- What you will do
What you return should be the full listing, word for word, without a single image.

- Data extract
+++++

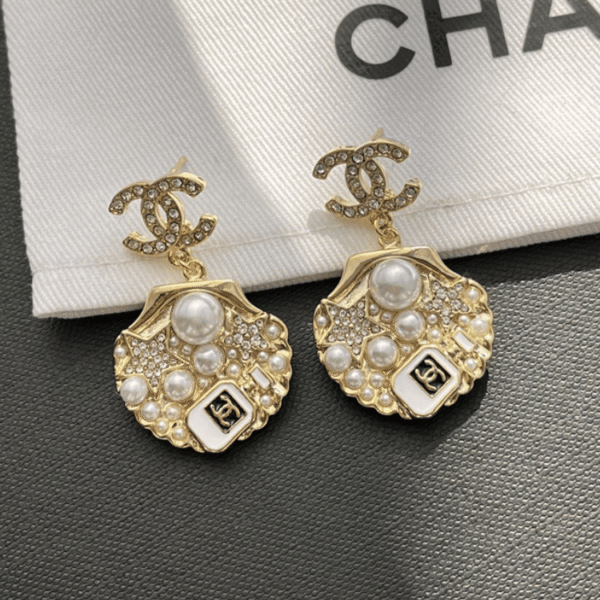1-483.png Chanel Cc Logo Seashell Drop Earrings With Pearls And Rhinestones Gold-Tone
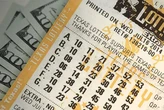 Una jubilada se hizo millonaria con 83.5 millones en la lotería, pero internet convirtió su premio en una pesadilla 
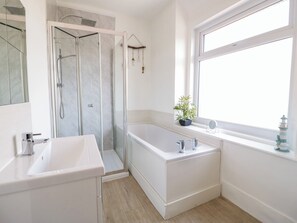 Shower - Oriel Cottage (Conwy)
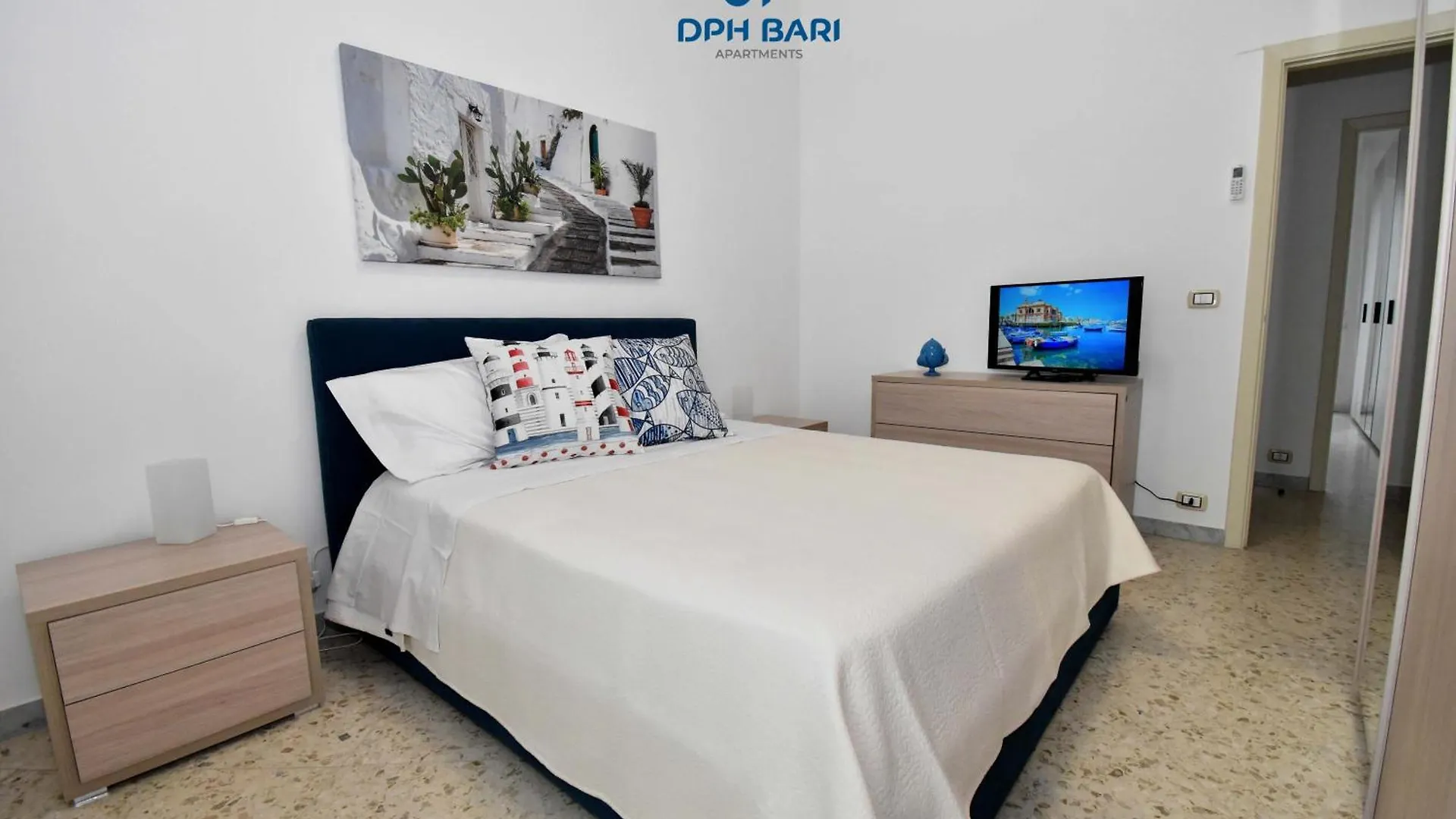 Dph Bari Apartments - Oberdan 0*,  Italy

+++++

- Solution
1-483.png Chanel Cc Logo Seashell Drop Earrings With Pearls And Rhinestones Gold-Tone
 Una jubilada se hizo millonaria con 83.5 millones en la lotería, pero internet convirtió su premio en una pesadilla 
 Shower - Oriel Cottage (Conwy)
 Dph Bari Apartments - Oberdan 0*,  Italy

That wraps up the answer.